There is no better reaction to such a ridiculous statement than hers.


From a letter my friend Susan penned to Senator Jeff Sessions after he endorsed the Donald ~
"Your endorsement of Drumpf at yesterday's rally was garbled, I assume from chocking on your honer in lending your name to such a morally deficient and leightweight speller such as Drumpf. Did your cheeks burn when you heard he tweeted a Mussolini quote?"  

Ouch! I love how she used Trump's own misspellings to further emphasize her point.  Chocking on your honer indeed.

There has been no shortage of memes this morning after Chris Christie's pitiful why-is-my-world-on-fire-somebody-please-help-me look last night. My favorite tweet accompanying the picture was someone announcing a kick starter campaign to buy back Christie's dignity.

Google searches for "how to move to Canada" spiked after the results of Super Tuesday were in.

And I really liked this cartoon:

It really is mind-boggling. Just, literally, unbelievable. But then I also saw this quote and it explains so much of why we are where we are.

"The first question with regard to the problem of culture is not the state of the world but the condition of the church." ~Martin Lloyd-Jones

Should we be surprised that a man such as Trump has garnered the support of many evangelicals when for years the Gospel and what it truly means to live as Christ has been diluted down to an unrecognizable pale facsimile that is tasteless and ineffective?

Contentment and living within your means was given over to the American dream of having it all so the greed of Donald Trump does not phase us.

We have equated course talk with wit and sarcasm with intellect. No wonder his crude and unkind speech doesn't give us pause.

His lack of faithfulness and honor in his relationships should be reprehensible only it's not. Probably because relationships and marriages within the Church don't look very different from those conducted outside of the Church.

His ability to talk and say nothing at all and yet cause people to shake their head in agreement as if pearls of wisdom have dripped from his lips is the political version of what is said from a lot of pulpits these days. It's a tickling of ears and it's what we have crafted for ourselves, demanded even, so that we can do our time each week and only feel slightly bad over the life we lead the other six days.

The other side of course doesn't look any better. I mean, it's Hillary. I don't really need to say more, do I?

So what to do?

For many, it is panic mode time. Batten down the hatches, children, because the sky is about to fall and the world, the whole world mind you, not just 'Merica, is about to explode. God is on His way to deal with this mess we've made and boy, is He mad!

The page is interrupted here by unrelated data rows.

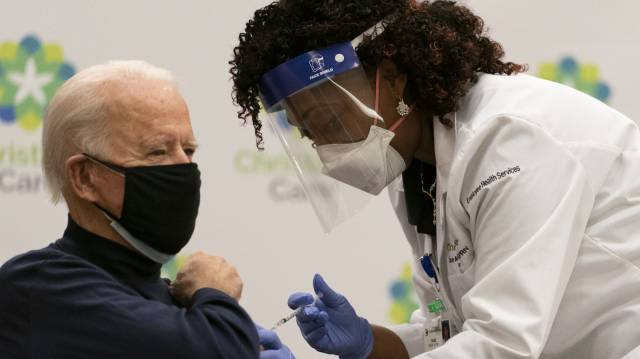 Joe Biden se vacina contra o coronavírus diante das câmeras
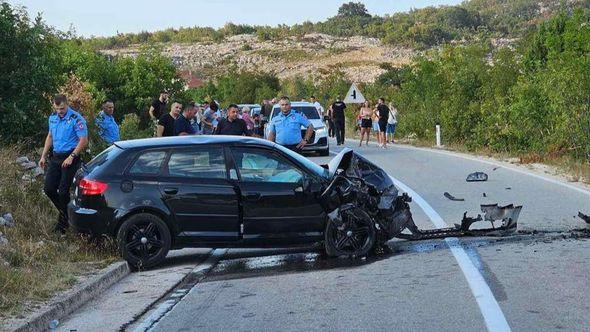 Automobil uništen nakon sudara - Avaz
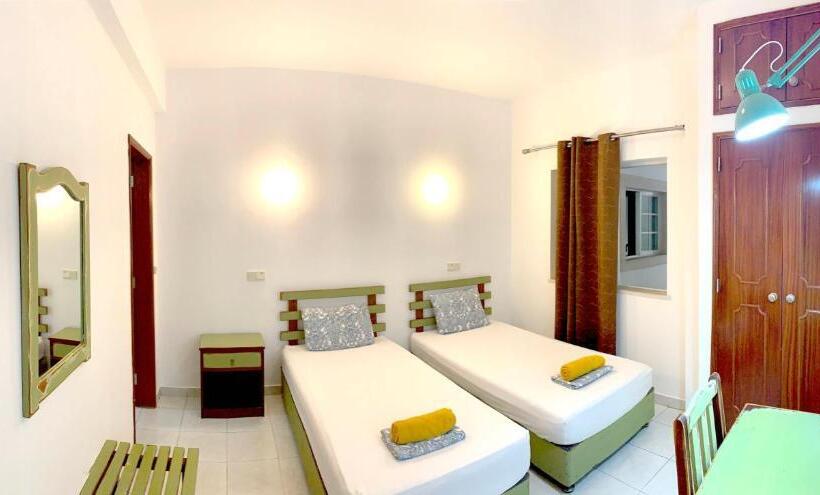 اتاق استاندارد, The Central Guesthouse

Another quote I came across makes a beautiful counter argument for those who are wanting to give into fear.

"Fear is a good motivation to get people to finally do something. Fear is a poor motivation to get people to finally do something right." ~ Thomas MacAnn

No matter how hopelessly idiotically ridiculous our country's situation may look we are not a people that should be motivated by fear. George Grant, who posted the MacAnn quote also shared, "Lord have mercy. Church have courage."

Have courage! God still sits on His throne and laughs, and my goodness is there much to laugh at!

Dr. Grant also shared this from Al Mohler ~ "As Christians wake up this morning, one thing is clear: we're going to have to spend a great deal of time thinking and praying together about what faithfulness will look like in a way we never have before in terms of recent American presidential cycles. We're also about to find out if Biblically-minded Christians are up to that task."

This is far from over. But we need to be very careful how we move forward unless we find ourselves being used as weapons in the hand of the enemy.